China's trade performance in May 2026 exceeded market expectations, with both exports and imports posting significant year-on-year gains despite ongoing disruptions from the Iran war [1]. According to official customs data, exports rose by 19.4% in U.S. dollar terms compared to the previous year, accelerating from a 14.1% increase in April and surpassing economists' forecast of 15% growth [1]. Imports also showed strong momentum, expanding by 27.4% in May, up from a 25.3% rise in April and beating the consensus estimate of 25% [1].

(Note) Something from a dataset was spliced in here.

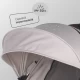Carucior sport cu pliere automata si copertina cu protectie UV50 Coccolle Melia Pearl Mist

The surge in exports was largely attributed to robust global demand for AI-related and renewable-energy products, which helped offset the negative impact of the Middle East conflict [1]. Economists noted that overseas buyers rushed to secure supplies ahead of potential energy cost increases, but cautioned that this tailwind may be temporary as stockpiling momentum could fade [1]. On the import side, growth was concentrated in select categories such as semiconductor chips and gold, driven by higher input costs rather than broad-based demand, with Bank of America Global Research emphasizing that genuine trade rebalancing remains distant [1].

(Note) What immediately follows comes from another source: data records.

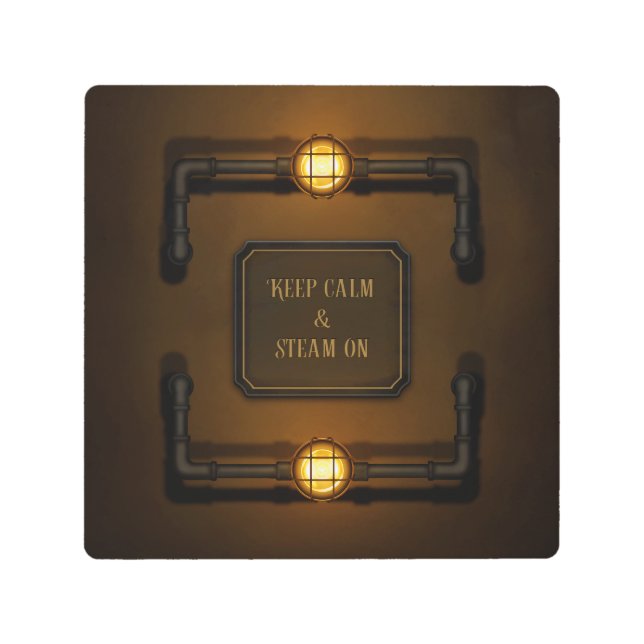 Impresión En Metal Steampunk, era de la máquina (Anverso)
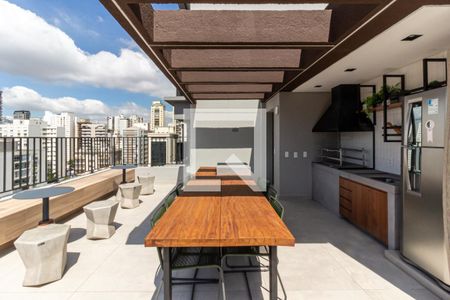 Studio para alugar com 26m², 1 quarto e sem vagaChurrasqueira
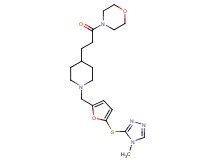 4-{3-[1-({5-[(4-methyl-4H-1,2,4-triazol-3-yl)thio]-2-furyl}methyl)-4-piperidinyl]propanoyl}morpholine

Despite the strong trade data, China's domestic economy showed signs of weakness. Growth slowed across the board in April, with industrial production and retail sales posting their weakest gains in years, and the official manufacturing activity gauge in May slowed to 50, the threshold between expansion and contraction [1]. Economists, including Xiangrong Yu of Citi Bank, expect the AI boom to continue supporting production and trade, but anticipate that domestic demand will remain weak, with retail sales growth potentially falling to zero in May [1].
The labor market also remains under pressure, as manufacturing jobs continue to contract due to productivity gains from automation, according to Frederic Neumann of HSBC Bank [1]. Economists described China's current economic environment as a 'K-speed' growth paradigm, with strong performance in manufacturing and exports contrasting with persistent weakness in property markets and consumer spending [1].
CONCLUSION
China's May trade data highlights the resilience of its export sector, particularly in AI and technology, amid geopolitical disruptions. However, underlying domestic weaknesses and a fragile labor market suggest that the export-driven momentum may not be sustainable without a recovery in consumer demand.